*Entries supplied*:
--

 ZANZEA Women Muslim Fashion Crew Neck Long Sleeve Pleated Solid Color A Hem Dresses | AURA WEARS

--

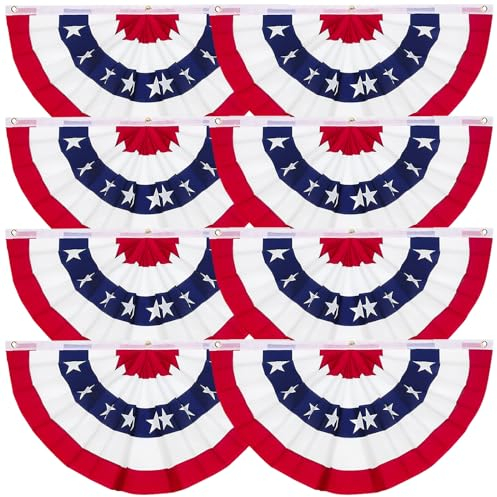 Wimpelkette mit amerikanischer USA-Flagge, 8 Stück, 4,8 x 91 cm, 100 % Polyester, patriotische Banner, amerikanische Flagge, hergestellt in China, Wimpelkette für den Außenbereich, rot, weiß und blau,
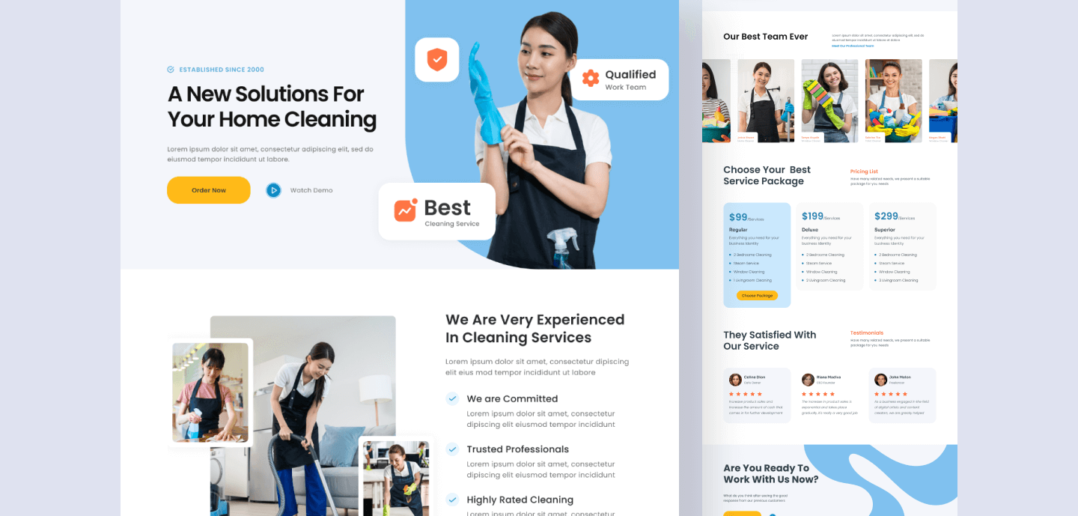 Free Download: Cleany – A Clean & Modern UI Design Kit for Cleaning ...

--

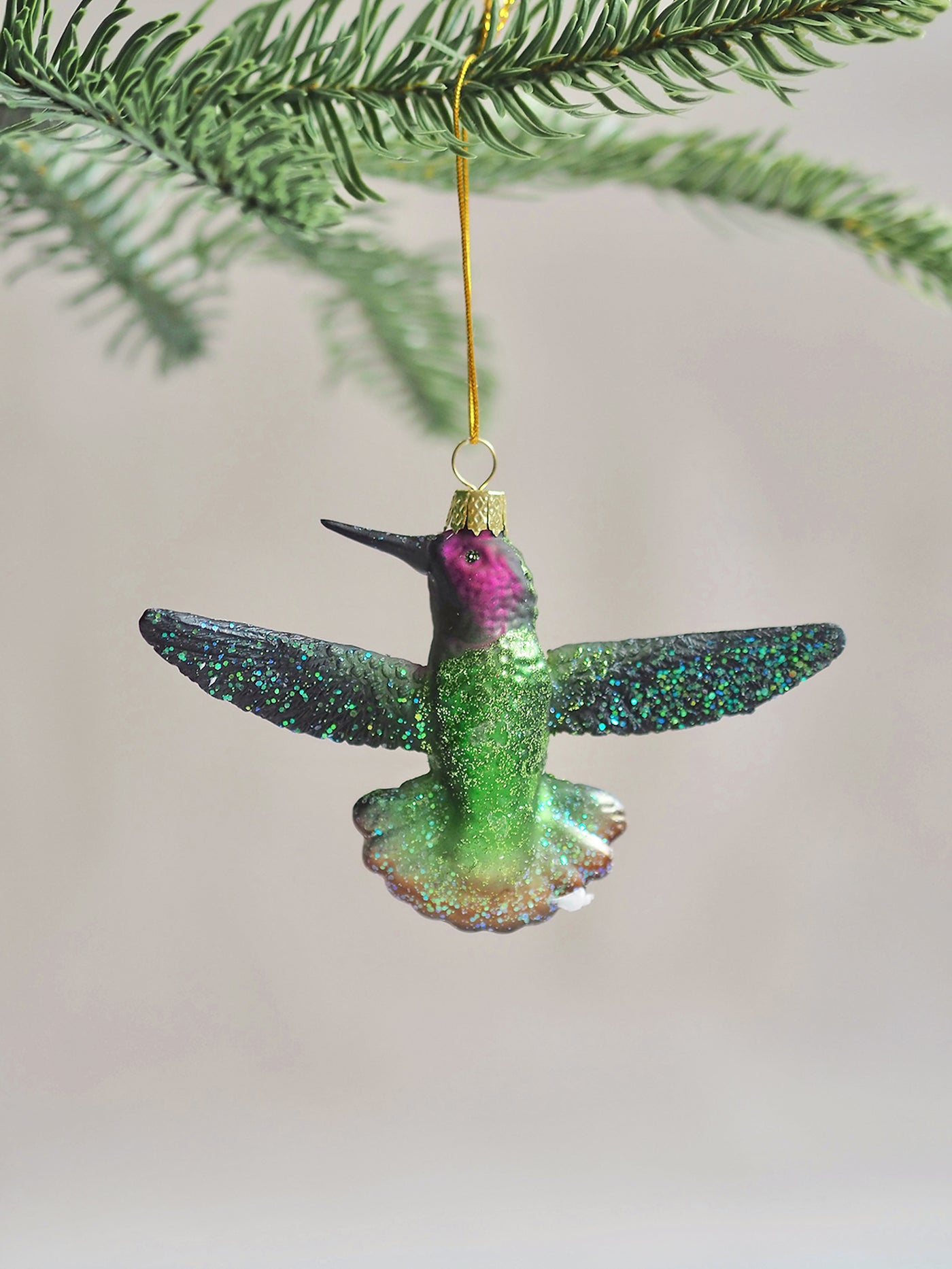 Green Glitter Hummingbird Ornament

--

*What you should do*:
Leaving out all pictures, set down exactly the lines of the material above, from the line with "Wimpelkette mit amerikanischer" to the line with "Free Download: Cleany" inclusive, and no others.

*Result*:
 Wimpelkette mit amerikanischer USA-Flagge, 8 Stück, 4,8 x 91 cm, 100 % Polyester, patriotische Banner, amerikanische Flagge, hergestellt in China, Wimpelkette für den Außenbereich, rot, weiß und blau,
 Free Download: Cleany – A Clean & Modern UI Design Kit for Cleaning ...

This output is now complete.